As featured on p. 218 of "Bloggers on the Bus," under the name "a MyDD blogger."

Wednesday, April 29, 2009

Trouble In River City

It's Obama's 100th day and we're supposed to be reveling in feel-good stories and optimistic about the future, but, um...

The U.S. economy contracted at a surprisingly sharp 6.1 percent rate in the first quarter as exports and business inventories plummeted.

The drop in gross domestic product, reported by the Commerce Department on Wednesday, was much steeper than the 4.9 percent annual rate expected by economists and followed a 6.3 percent decline in the fourth quarter.

GDP, which measures total goods and services output within U.S. borders, has now dropped for three straight quarters for the first time since 1974-1975.

The only good news here is that inventory stocks have dropped, which means companies might have to start making things again if demand picks up. And consumer spending increased slightly. But we still have a major structural problem. The Federal Reserve believes that the ideal interest rate at this point would be negative five percent, an impossible figure. This is the kind of hole we're talking about. We're up to six banks that may need capital infusions in the wake of the stress tests, infusions that are unlikely to come from private investors. And unemployment probably won't rebound until next year.

Willem Buiter has reason for cautious pessmism. That sounds right.

...I support Sheila Bair's efforts to wrest authority to put the nation's biggest banks into FDIC receivership. I'm glad she's talking about this.

The “too-big-to-fail concept” should be “tossed into the dustbin,” and the FDIC should have the power to close “systemically important” financial firms, Bair said in a New York speech yesterday. “Given our many years of experience resolving banks and closing them, we’re well-suited to run a new resolution program,” she said.
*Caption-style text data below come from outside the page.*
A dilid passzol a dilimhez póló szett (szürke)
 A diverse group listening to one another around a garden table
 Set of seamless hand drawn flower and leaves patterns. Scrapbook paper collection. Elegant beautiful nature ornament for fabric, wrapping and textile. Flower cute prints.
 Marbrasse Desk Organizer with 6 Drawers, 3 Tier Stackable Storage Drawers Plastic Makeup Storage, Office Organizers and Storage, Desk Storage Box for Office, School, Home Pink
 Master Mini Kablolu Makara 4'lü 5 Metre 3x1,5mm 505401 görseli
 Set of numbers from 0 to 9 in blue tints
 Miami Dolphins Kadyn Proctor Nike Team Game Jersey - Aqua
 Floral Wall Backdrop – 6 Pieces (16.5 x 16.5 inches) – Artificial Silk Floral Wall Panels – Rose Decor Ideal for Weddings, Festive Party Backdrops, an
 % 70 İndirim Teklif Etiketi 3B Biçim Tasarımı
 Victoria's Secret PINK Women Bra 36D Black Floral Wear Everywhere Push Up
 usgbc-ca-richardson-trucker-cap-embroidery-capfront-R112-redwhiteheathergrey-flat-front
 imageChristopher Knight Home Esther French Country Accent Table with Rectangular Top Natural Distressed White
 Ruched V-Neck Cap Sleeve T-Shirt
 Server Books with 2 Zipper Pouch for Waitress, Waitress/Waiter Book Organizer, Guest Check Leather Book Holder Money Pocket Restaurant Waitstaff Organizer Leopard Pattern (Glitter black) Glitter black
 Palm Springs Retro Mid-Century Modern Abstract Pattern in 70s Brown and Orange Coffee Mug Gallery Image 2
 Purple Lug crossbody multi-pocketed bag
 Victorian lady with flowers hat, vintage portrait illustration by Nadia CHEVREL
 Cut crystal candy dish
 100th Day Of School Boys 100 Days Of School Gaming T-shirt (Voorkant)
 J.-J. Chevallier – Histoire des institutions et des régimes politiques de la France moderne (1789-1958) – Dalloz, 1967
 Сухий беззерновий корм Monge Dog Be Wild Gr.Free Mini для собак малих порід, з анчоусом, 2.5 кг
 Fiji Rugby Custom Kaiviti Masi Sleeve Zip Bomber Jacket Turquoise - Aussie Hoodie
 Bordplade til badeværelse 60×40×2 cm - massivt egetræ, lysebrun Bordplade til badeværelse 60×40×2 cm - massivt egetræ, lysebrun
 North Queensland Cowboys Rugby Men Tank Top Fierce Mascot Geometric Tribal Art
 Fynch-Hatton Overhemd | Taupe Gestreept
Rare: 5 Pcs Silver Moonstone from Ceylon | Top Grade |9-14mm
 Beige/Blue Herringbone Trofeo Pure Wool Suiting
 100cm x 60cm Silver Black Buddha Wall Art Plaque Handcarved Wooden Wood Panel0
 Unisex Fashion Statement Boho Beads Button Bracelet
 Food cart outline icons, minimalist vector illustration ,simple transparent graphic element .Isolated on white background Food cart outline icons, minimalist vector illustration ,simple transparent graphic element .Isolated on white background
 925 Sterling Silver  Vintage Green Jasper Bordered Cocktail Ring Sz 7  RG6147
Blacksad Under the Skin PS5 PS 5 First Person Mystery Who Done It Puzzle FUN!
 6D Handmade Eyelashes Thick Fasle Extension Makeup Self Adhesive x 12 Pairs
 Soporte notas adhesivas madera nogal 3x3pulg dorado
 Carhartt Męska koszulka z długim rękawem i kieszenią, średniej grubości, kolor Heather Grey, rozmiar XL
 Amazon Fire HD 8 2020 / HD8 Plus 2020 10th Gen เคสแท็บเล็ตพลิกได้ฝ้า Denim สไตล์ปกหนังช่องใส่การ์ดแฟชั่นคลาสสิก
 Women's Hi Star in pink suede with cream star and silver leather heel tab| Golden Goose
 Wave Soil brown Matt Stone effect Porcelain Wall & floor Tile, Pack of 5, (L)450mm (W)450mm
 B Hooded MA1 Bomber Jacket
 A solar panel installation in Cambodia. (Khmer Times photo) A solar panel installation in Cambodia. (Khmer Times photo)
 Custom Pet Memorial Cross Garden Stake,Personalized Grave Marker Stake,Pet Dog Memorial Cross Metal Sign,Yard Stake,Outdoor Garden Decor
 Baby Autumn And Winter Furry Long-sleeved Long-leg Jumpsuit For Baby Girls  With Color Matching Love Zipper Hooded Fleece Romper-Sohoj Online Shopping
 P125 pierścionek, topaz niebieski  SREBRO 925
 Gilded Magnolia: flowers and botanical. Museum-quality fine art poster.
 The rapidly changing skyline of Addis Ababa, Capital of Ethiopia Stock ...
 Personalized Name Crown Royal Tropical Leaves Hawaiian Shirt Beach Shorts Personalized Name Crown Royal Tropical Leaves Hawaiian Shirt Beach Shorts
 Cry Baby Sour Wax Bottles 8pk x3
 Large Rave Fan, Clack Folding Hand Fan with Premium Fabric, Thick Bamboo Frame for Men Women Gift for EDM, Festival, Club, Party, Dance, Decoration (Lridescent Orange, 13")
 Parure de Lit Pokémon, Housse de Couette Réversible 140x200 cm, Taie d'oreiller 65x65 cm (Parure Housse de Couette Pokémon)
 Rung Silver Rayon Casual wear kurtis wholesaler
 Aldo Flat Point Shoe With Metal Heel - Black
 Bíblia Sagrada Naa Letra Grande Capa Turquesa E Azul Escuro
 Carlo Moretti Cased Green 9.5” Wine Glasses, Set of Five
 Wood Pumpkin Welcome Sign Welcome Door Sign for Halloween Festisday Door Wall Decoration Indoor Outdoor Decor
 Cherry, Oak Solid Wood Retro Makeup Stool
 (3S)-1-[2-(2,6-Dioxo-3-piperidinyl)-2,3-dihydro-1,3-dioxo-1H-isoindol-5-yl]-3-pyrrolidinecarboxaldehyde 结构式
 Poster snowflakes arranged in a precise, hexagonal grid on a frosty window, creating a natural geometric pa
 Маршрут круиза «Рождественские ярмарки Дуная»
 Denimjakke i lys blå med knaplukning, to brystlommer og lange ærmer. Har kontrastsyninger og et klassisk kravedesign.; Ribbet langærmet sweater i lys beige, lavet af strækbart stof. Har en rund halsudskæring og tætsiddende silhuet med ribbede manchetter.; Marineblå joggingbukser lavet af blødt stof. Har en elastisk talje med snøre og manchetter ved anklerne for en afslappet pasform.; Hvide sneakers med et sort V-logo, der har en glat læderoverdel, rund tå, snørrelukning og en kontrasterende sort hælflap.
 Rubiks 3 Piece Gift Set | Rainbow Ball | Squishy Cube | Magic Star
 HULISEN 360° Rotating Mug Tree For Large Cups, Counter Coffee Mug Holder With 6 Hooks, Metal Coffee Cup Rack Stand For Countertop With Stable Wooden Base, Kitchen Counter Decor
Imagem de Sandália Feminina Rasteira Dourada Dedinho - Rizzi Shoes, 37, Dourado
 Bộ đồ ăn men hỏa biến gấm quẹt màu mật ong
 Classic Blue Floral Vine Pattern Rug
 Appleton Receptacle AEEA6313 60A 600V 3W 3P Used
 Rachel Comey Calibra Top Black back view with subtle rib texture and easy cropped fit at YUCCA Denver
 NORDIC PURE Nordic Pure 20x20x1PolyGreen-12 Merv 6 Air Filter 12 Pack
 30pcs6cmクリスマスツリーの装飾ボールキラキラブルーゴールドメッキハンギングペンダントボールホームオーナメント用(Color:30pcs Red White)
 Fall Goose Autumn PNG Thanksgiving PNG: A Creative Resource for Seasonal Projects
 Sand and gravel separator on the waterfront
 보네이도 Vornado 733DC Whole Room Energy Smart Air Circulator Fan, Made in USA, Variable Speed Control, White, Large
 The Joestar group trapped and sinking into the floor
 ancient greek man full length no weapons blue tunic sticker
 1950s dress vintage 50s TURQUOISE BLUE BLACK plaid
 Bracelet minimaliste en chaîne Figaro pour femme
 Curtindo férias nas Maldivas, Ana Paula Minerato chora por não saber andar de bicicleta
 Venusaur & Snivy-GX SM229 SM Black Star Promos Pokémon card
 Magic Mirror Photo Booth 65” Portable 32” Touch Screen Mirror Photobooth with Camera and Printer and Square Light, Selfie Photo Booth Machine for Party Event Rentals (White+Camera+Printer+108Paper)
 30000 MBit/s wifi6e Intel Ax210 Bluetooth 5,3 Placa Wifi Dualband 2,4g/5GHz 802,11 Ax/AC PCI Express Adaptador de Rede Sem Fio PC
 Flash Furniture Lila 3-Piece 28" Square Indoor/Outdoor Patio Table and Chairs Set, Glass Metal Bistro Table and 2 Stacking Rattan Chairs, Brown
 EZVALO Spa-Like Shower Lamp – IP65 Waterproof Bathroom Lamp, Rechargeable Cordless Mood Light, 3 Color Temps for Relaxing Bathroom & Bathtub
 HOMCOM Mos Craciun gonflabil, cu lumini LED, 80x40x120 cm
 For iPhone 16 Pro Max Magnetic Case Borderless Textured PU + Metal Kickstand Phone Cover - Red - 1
“If the FDIC had the authority to close down non-banks as they’ve been able to close down banks, the cost to the taxpayer would have been much less,” said Sung Won-Sohn, former chief economist at Wells Fargo & Co. who is now a professor of economics and finance at California State University Channel Islands in Camarillo. “With the authority she’s talking about, the government could take preemptive action.”

You don't leave options like this on the table in a time of crisis.